AlishbaM
From your synopsis, I could tell this would be an awesome story, and wow your choice of words! Did I say wow? Anyways I could feel the tense atmosphere surrounding Evangeline, from her family, past, present and probably future. Chapter 5 gave me the chills, what made that thud? What is she going to meet. I love the thrilling aspect of your story. A brief suggestion, please it's a suggestion not a command. I appreciate the simplicity of your cover but I think with a cover which would portray your story in another perspective..., it would attract others to your story, you know what the unpopular opinion which dominates, "People do judge a book by its cover!" Keep up the good work!!! Supporting you all the way
AMMMMAAAAZIIIING Oh my... It just sucks you right in, and the descriptions? GIRLLLLL. You know what you’re doing, and if you don’t; YOU AREE DOING IT RIGHT. I don’t even know how you managed to find the right words to describe some of the feelings, because I find it astonishing how you were able to explain, almost effortlessly. Just...Wow. I have no words. P.S If you feel a little anxious to post your next chapter; afraid to do so, since sometimes the chapters don’t always have the same quality—have confidence. Orrrr...You can send it to me through discord ; D I’m gonna lay out my picnic blanket, cause I’ll be staying here for a looonggg time.

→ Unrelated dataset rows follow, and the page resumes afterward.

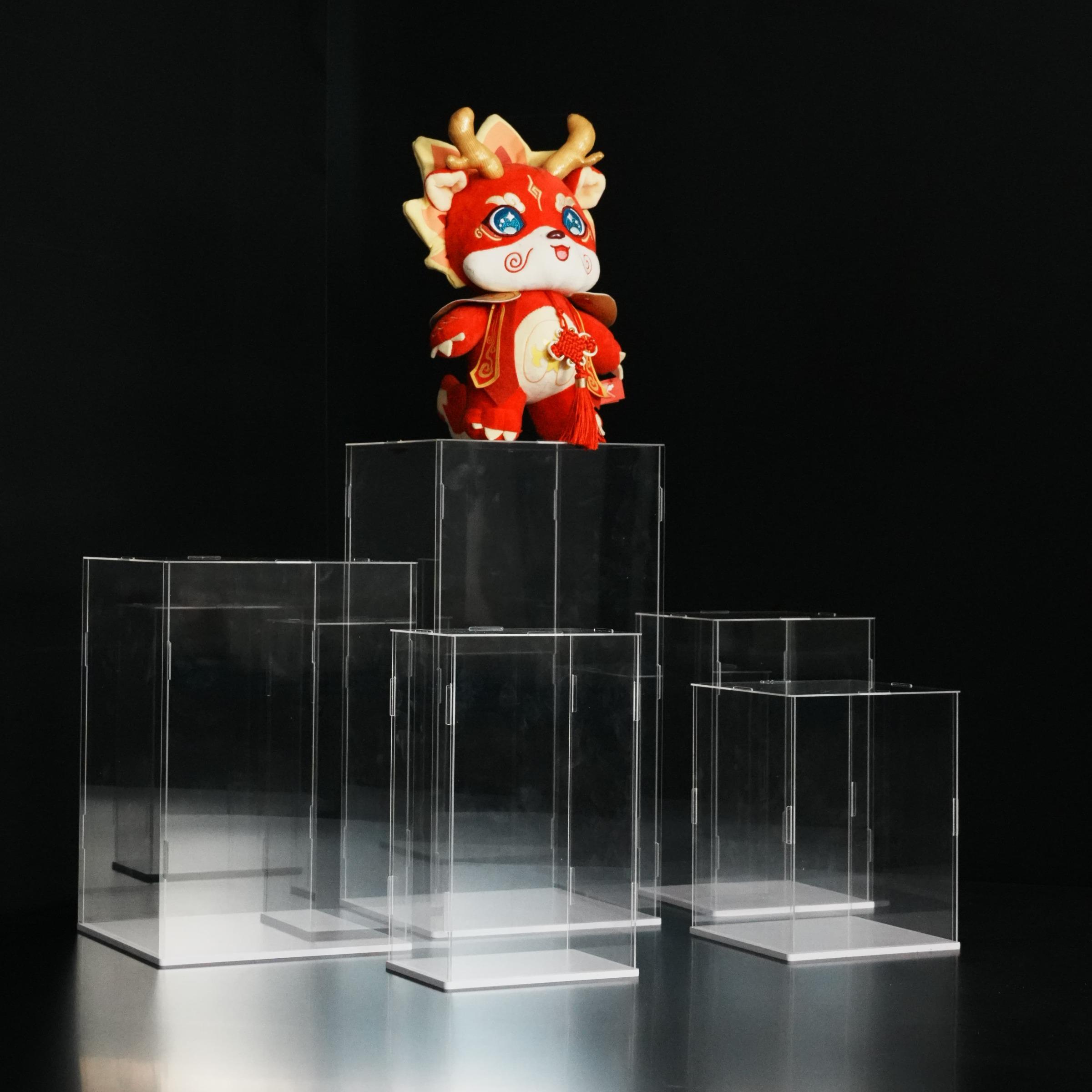 Transparent Acrylic Display Case, Stackable Doll Box, Figurine, Vertical Assembly Stand, Base, Pop Character Dustproof Storage, Collectible Figurines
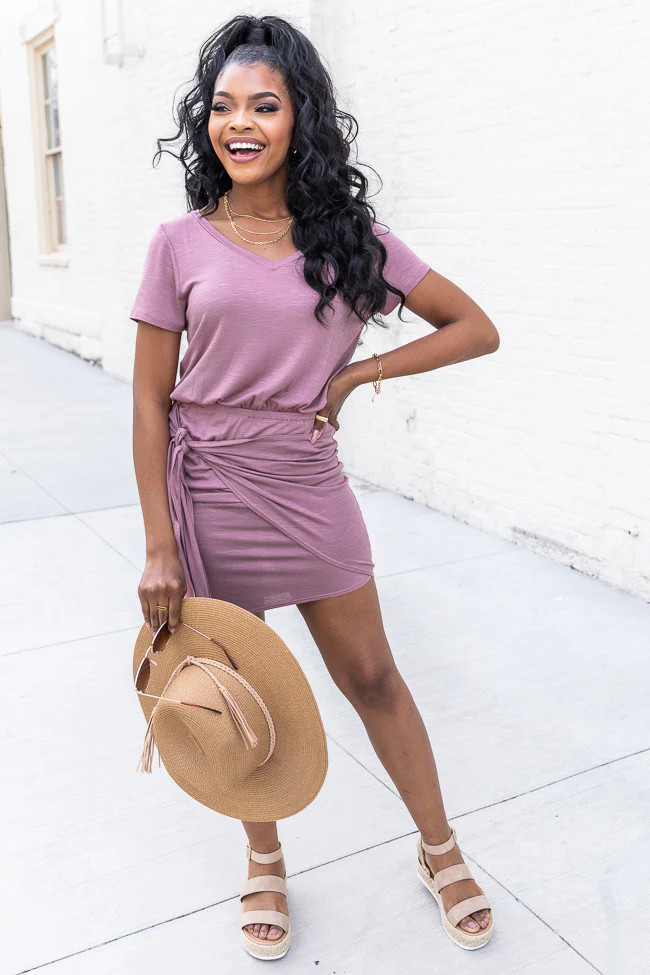 Behind Story Mauve Wrap Skirt Knit Dress | Pink Lily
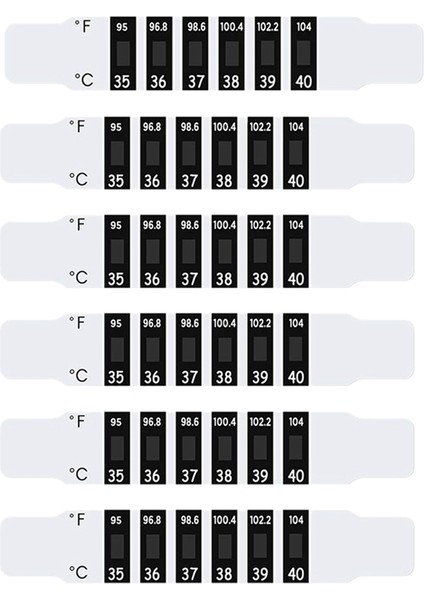 6x Bebek Çocuk Çocuk Alın Baş Şerit Ateş Termometre Tature Test Sticker fiyatları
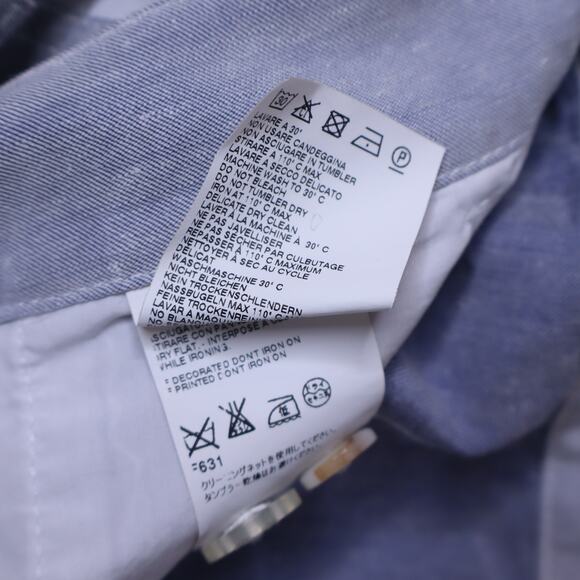 MAISON MARTIN MARGIELA MM6 Patchwork Linen Shorts Blue Casual Women's 38/US 6 - Picture 8 of 9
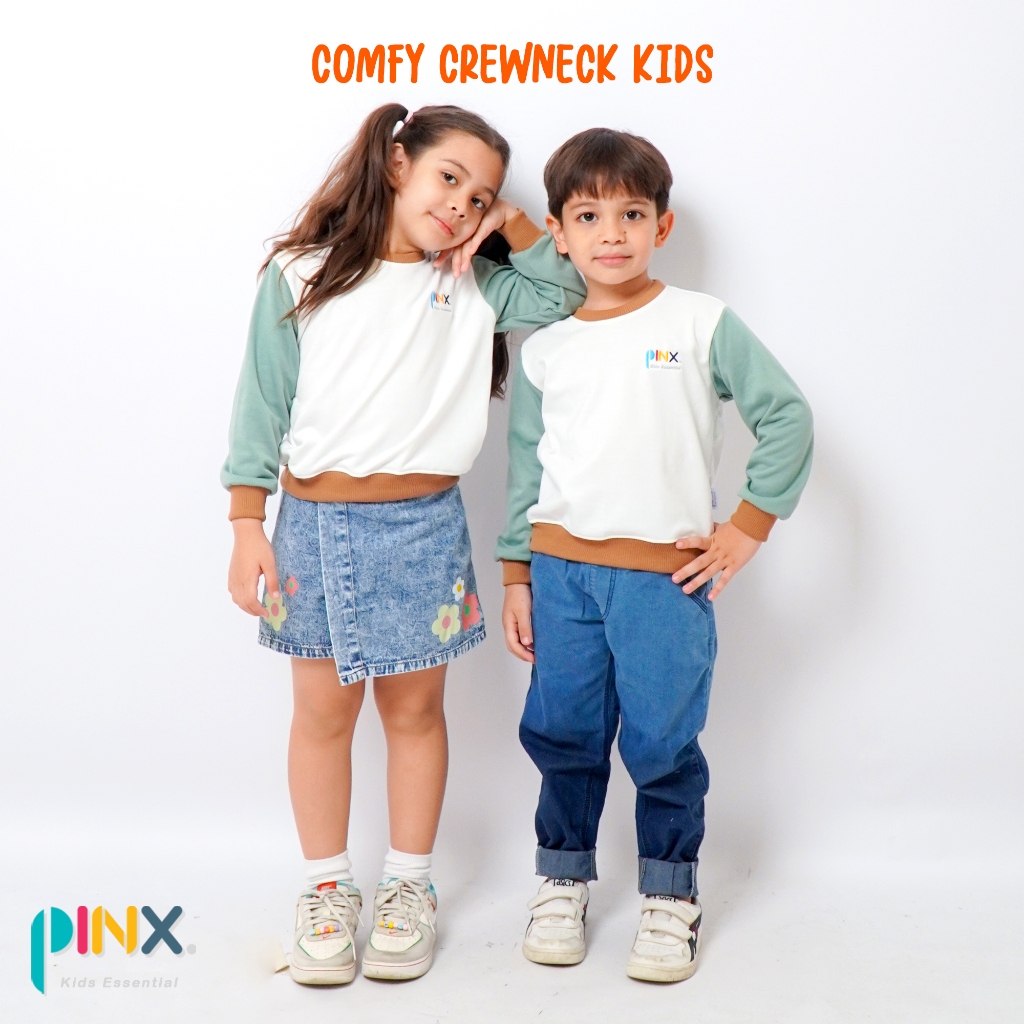 SALE PinxKids - Sweater Crewneck Anak Unisex Comfy usia 1 - 10 tahun Twotone matcha Mocca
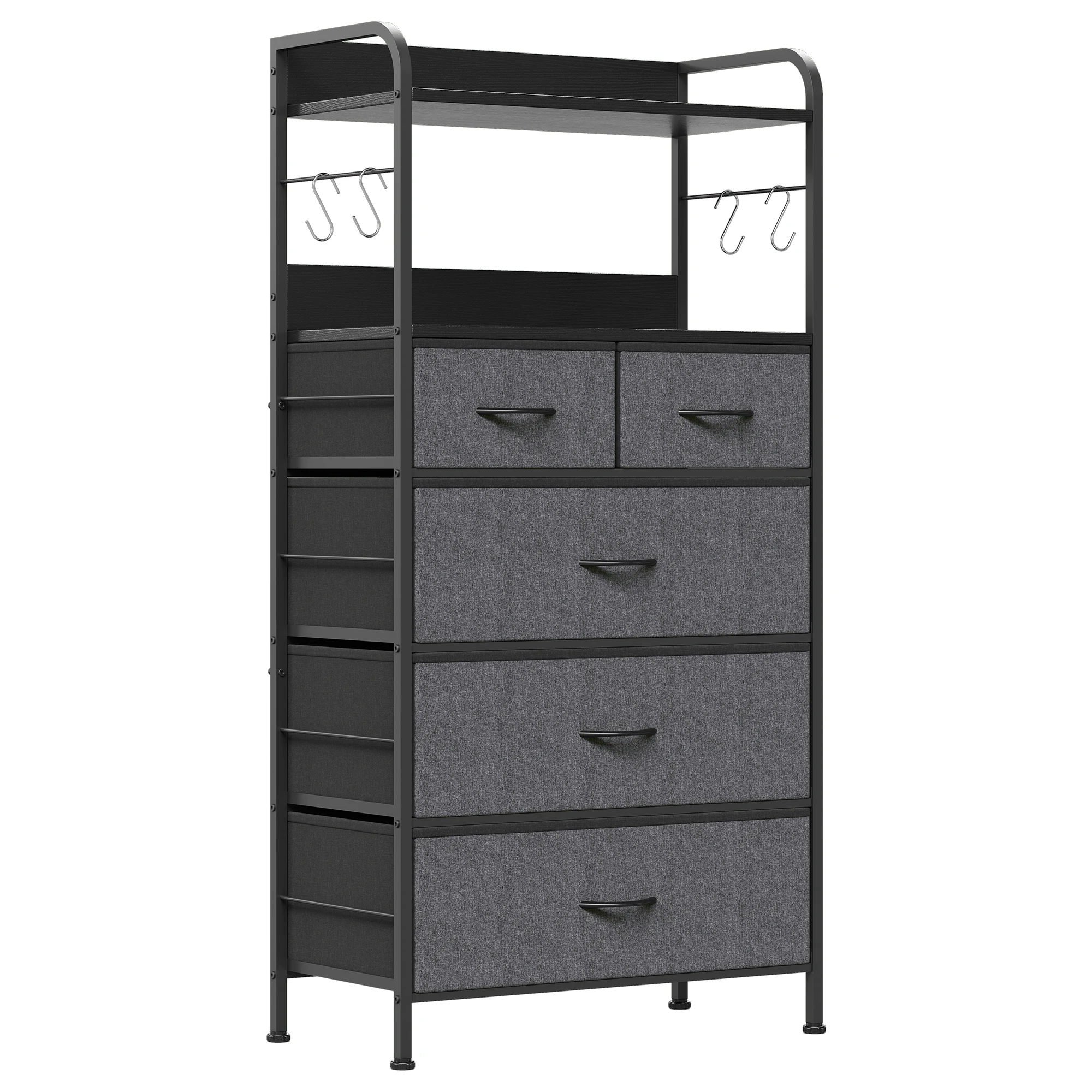 5 Drawers Dresser,Tall Dresser for Bedroom,Fabric Drawer Organizer Unit, Chest of Drawers with Hooks, Open Shelf for Closet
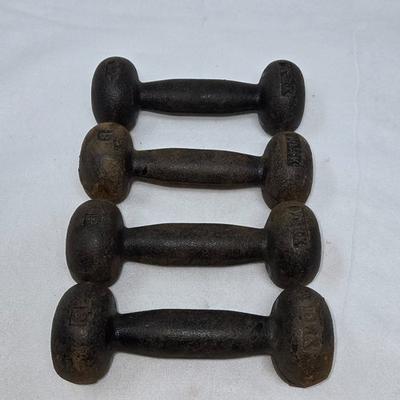 #ad #ad VINTAGE YORK BARBELL 3 Lb CAST IRON DUMBBELLS BUN STYLE ROUND HEAD SET OF 4 $59.99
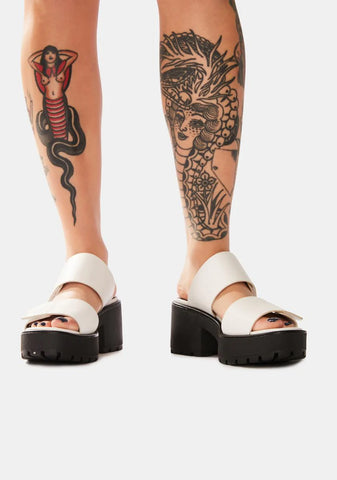 White Dioon Platform Sandals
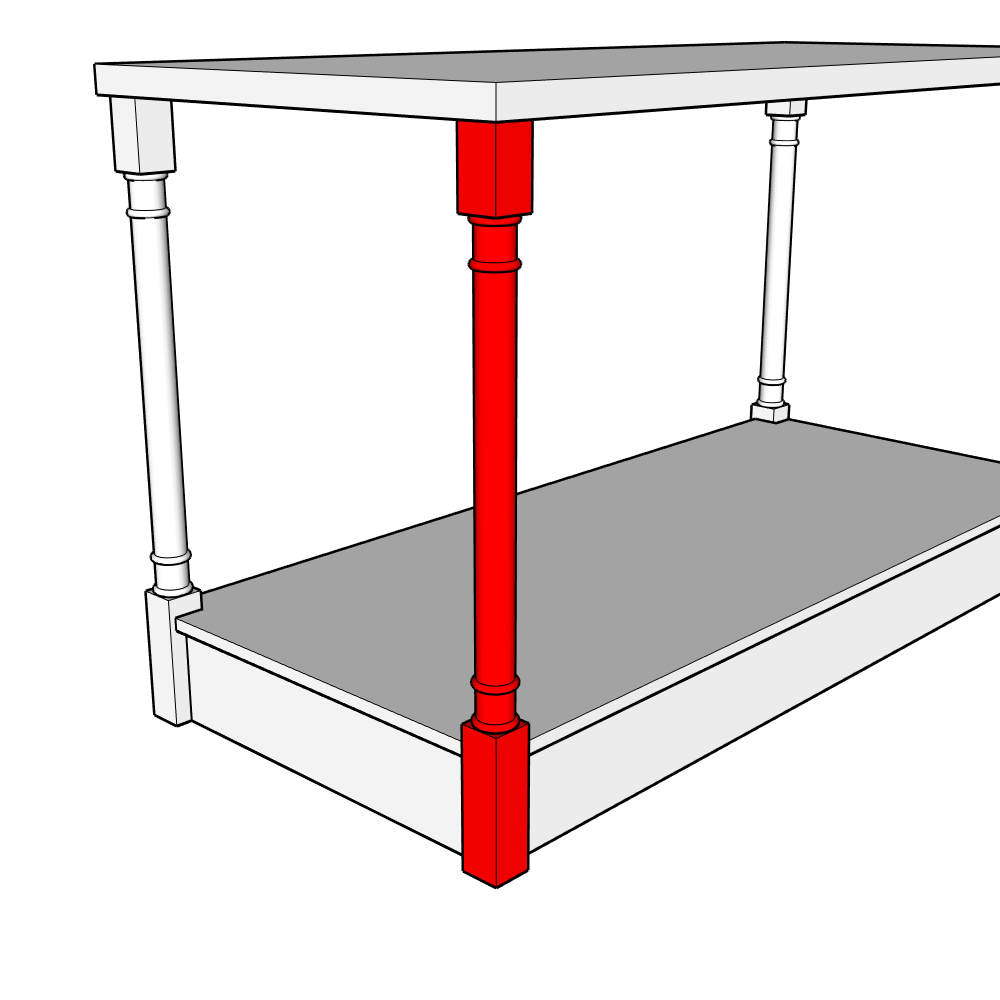 Portwood (Premium Colours) Turned Pilaster - 1250 x 57mm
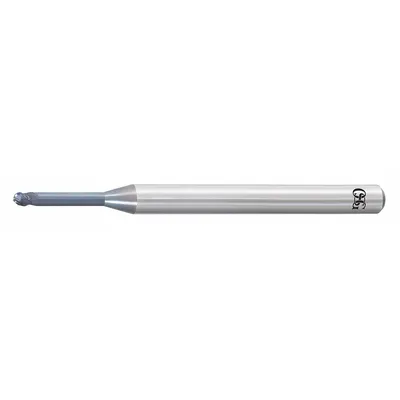 OSG Ball End Mill: Carbide, WXS Coated, 3 Flute, 1.5 mm Mill Dia, 1.12 mm LOC - Pencil-Neck Carbide Ball End Mills for Hardened Materials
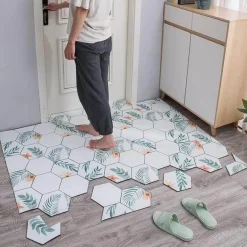 Rutschfeste nordische Sechseck-Fußmatte – staubdichte Eingangsmatte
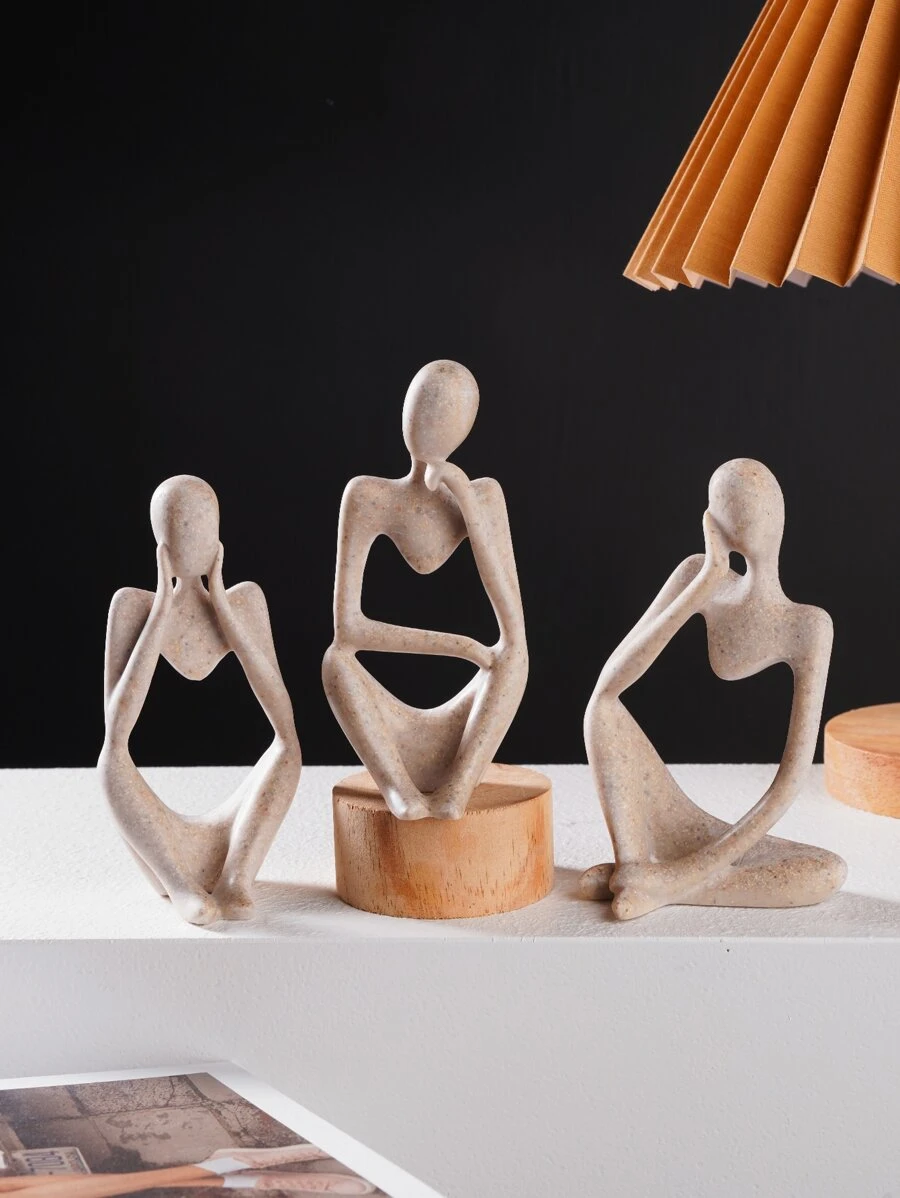 3pcs ABS Decoration Craft, Modern Figure Design Decoration Object For Home - Beige - View 1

This is a great work! I love how you describe your characters emotions and thoughts. The story development is good and the plotline is interesting! I also love the flow of your writing, it's clear and not all over the place. A bit more information about the setting would be good but it's definitely a worthy read!
well written with strong narrative sense, but the author has made something that is pretty fatal. Which is the usage of the brands, the brand is something forbidden for being mentioned in the novel. Except when we have the partnership deal with them. other than that, it looks good so far. looking forward to your next chapters.